Here Couani is reflecting
dualities throughout the text and her cities and their spaces
end up looking like a multi-layered matrix of connections. She
reflects the duality that portrays the essence of her being
and the memories she inherits from her mother and father, her
grandmother and these influences resonate when she writes, "My
memories are my grandma's memories of the city and my mother's
talks looking at the mountains, talking about The Ancient, about
the beginning of the world like the 2001 movie track but more
serious. And Dad feeling alien anywhere west of Parramatta or
Broadway even. I felt his sense of relief on the days we came
down to the city and he showed me what his Sydney was like."
Her journey through
the city so often repeated not with the resignation of futility
but with expectation, her sense of time, and as memories that
define that periodicity. Here the observation of the urban fabric
becomes the skin of the city . . . . "In my city I found simple
recognizable features. The arch, ornamental brickwork, post
and lintel. From the sawdust filter, the duct crossing the lane
in the air. The corrugated iron roofs, the planes at different
angles. The simple church opposite the high-rise flats. The
window at footpath level, the glass bricks in the pavement."
The use of observation
like this is similar in its nature to the techniques developed
by painters and composers. Within the flow of The Harbour
Breathes the writer allows many quiet asides to exist and
these interludes suspend the movement and provide readers with
a moment of change. These melodic details are extracted as features
in an imaginary landscape of the mind, and isn't this how we
navigate through space and time in real-life. Someone in
a coffee lounge half-obscured by the reflections on the glass
and construed as lonely . . . .Up to the library, into town,
back from town, down to the pool, up to the park, down the street
to the shop, to the corner shop. . . Here a certain concentration
of the image as it forms the culture of its sign. These details
are rendered while we wait for the next part of her movements
to commence, here always that endless progressiveness endless
by being defeated by dreams, memories and their histories.
And every city has
it's dreamers, architects, and management authorities; as Adelaide
has the precision of the engineer William Light, Canberra has
the circularity that radiates from the imaginations of Marion
Mahoney and Walter Burley-Griffin, and in gridded Melbourne
an accuracy and accountability might derive in part from the
purist ideals of the early colonial Protestants, yet in a place
like Sydney the scheme of things seems haphazard in terms of
its spatial intentions. The city of Sydney emerged very differently
and its inner city form is in part more arbitrary and organic
due to a lot of improvisation in terms of civil engineering
- it has a greater blend of influences and competing forces
that forms the outline of the systems that construct its physical
profile . . . . Sydney, evil city , a dream runs through
you.
In relation to the
development of influences over things and people and the areas
surrounding the Cross, one of the substantial energy factors
that was a continuing stimulus to the artistic community of
the area was the main national broadcasting studios of ABC Radio
in the William Street and Forbes Street studios in Darlinghurst.

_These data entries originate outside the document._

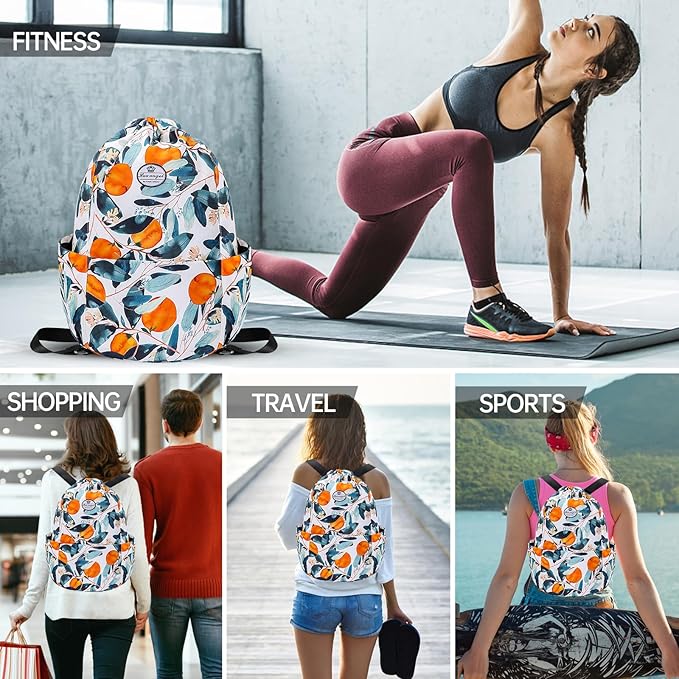 HUA ANGEL Drawstring Backpack Bag, Sport Gym Sackpack Lightweight Small Gym Bag for Men Women Pull String Sport Beach Bag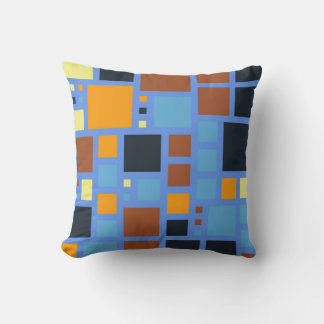 Coussin Carrés de mosaïque rétro | gris bleu Brown orange
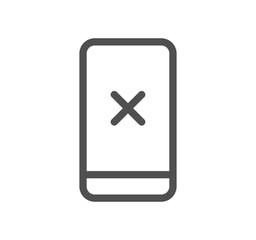 Reject related icon outline and linear symbol.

Much of the enigma of the old bohemian Kings Cross was linked
to the shifting population of actors, voices, technicians, producers,
dramaturgs, writers, poets, singers, journalists, critics and
archivists. These professional people tended to live nearby
and often in The Cross, and in the pre-television age of Sydney
they created a culture of sophistication and influence that
was felt throughout the nation. This was a unique urban situation
for any Australian neighbourhood.
When the ABC studios
were fully digitalised in 1991 the need for the large analogue
studios were over and these operations closed down and sold
up and moved to Harris Street, Ultimo. At the Forbes Street
studios the closing broadcast event was a live improvised recital
by the experimental jazz band The Necks playing in collaboration
with Anna Couani who read The Harbour Breathes. The site
is now dominated by Harry Siedler's massive Horizon apartment
tower. This final broadcast was a fitting and creative farewell
to this institution, a great programming decision, where many
of the themes in The Harbour Breathes sensitively mingled
with the ideas of the changing of history, of this particular
neighbourhood.
from The
Fold
a slow release and
a long search
like finding a hill and leaving a valley
travelling through light years of feeling
unfolding, folding
back
Surry Hills, Redfern
Waterloo, Moore Park
Darlinghurst, Woollooloomooloo
Crown Street
the backbone of my life
Central Station
Those years we shared
that space
it wasn't just geography
our lives were softly colliding
Maybe the Cross
has changed now and will move into a newer phase without the
microphones of the ABC being pointed out to the rest of the
country. At this present time more and more apartments and the
higher income brackets are merging into the city domains and
steal the views in their urban fortresses. The next generation
moved out to the west where housing was cheap and our city became
a playground of the rich. How these newcomers and those
that have left will mythologise and remember the Cross is yet
to be determined. In a memorable point in The Harbour Breathes,
Anna Couani has made peace with her rememberings in her period
in time, in a place, in a city of signs and systems and poetics
:
"Down at the stadium,
the first Bob Dylan performance which was too late for us. His
conviction already changed by money and drugs. But, as the march
arrived at the entrance of the stadium, the clarinet hit us,
not like Bob Dylan, really meant something, summed up the long
thin group marching up William Street and down Bayswater Road.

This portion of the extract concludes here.